**Your task:** Copy every entry exactly, but skip the pictures.

Material for the task Block Start

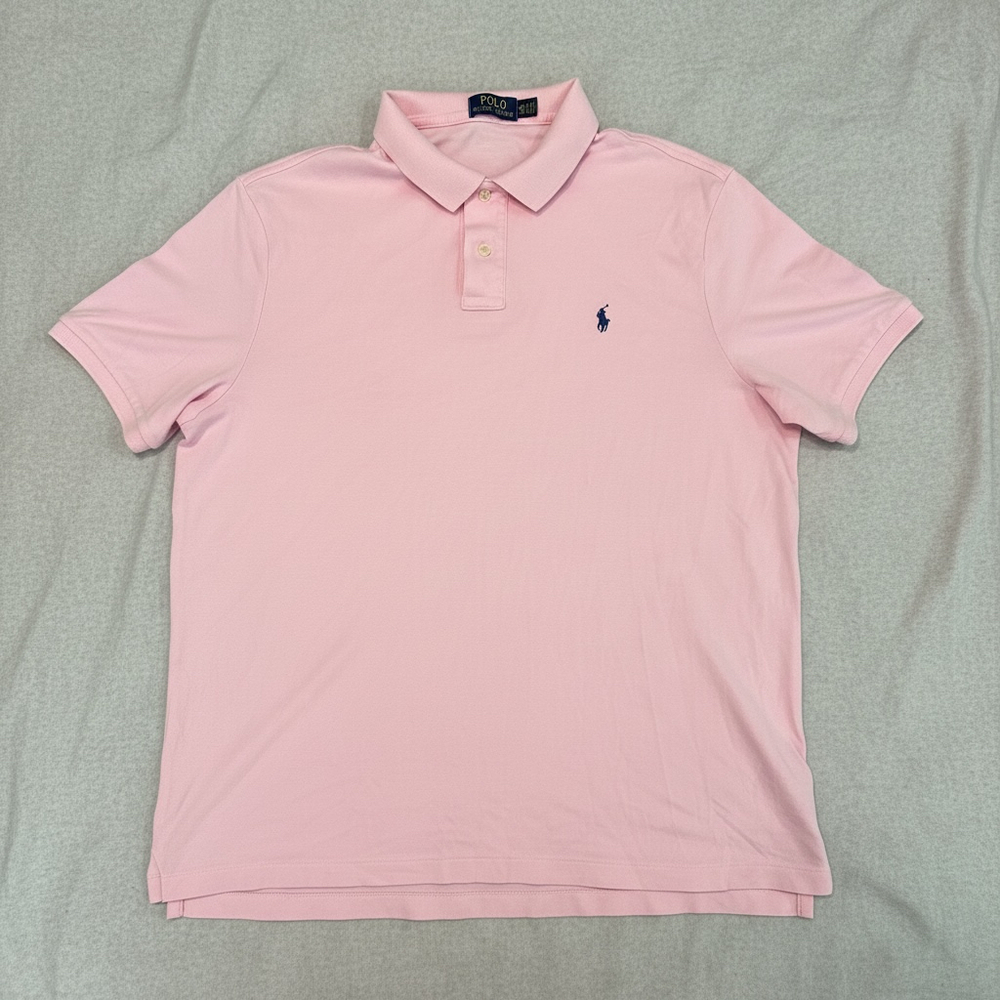 Polo Ralph Lauren Men’s XXL Pink Mesh Cotton Polo Shirt Short Sleeve Pony Logo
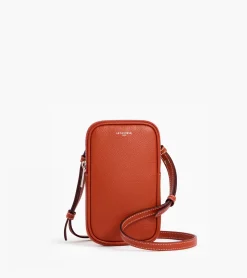Etui téléphone Emile en cuir grainé - Mahogany Brown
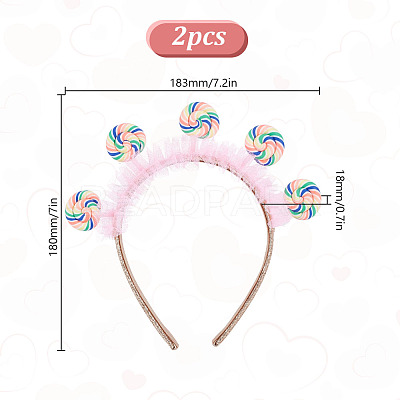 Cloth with Lollipop Hair Bands for Women Girl OHAR-WH0029-13B-1
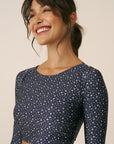 Top cropped manga longa Blue Galaxy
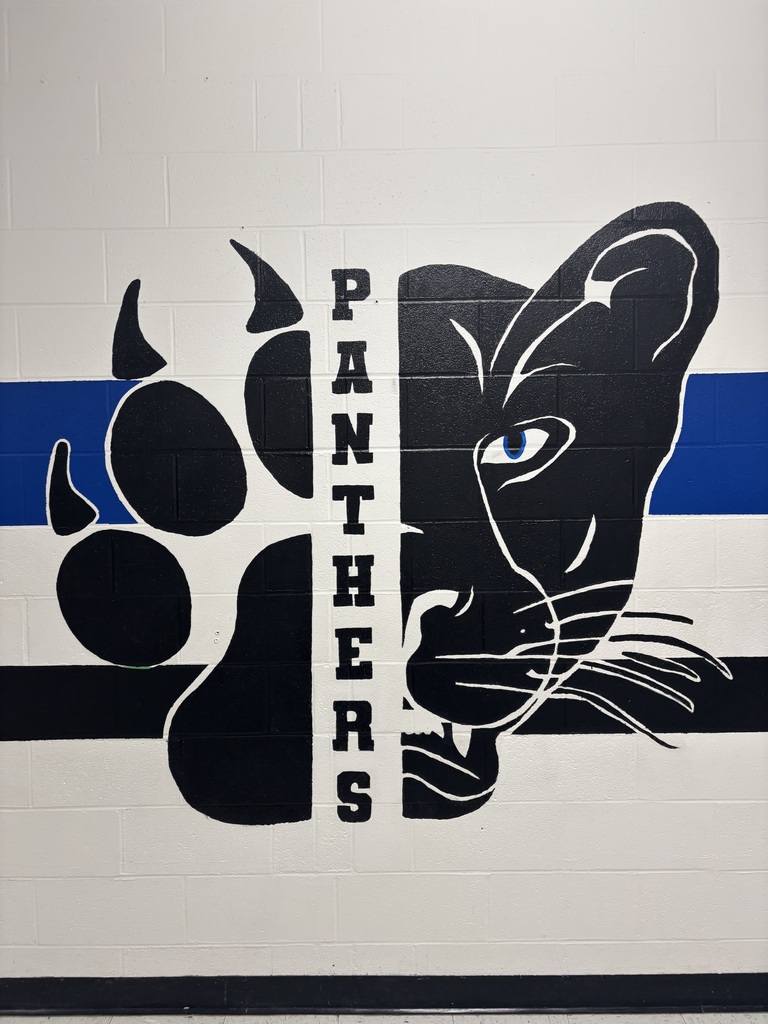 A graphic of the panther face with the blue and black paint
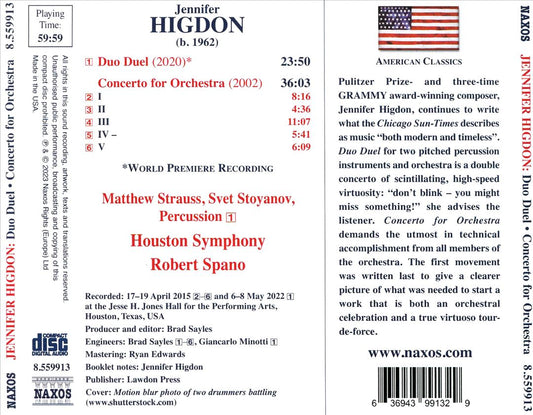 Jennifer Higdon: Duo Duel; Concerto for Orchestra cover art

Material for the task Block End

**Answer to this task:**
 Polo Ralph Lauren Men’s XXL Pink Mesh Cotton Polo Shirt Short Sleeve Pony Logo
Etui téléphone Emile en cuir grainé - Mahogany Brown
 Cloth with Lollipop Hair Bands for Women Girl OHAR-WH0029-13B-1
 Top cropped manga longa Blue Galaxy
 A graphic of the panther face with the blue and black paint
 Jennifer Higdon: Duo Duel; Concerto for Orchestra cover art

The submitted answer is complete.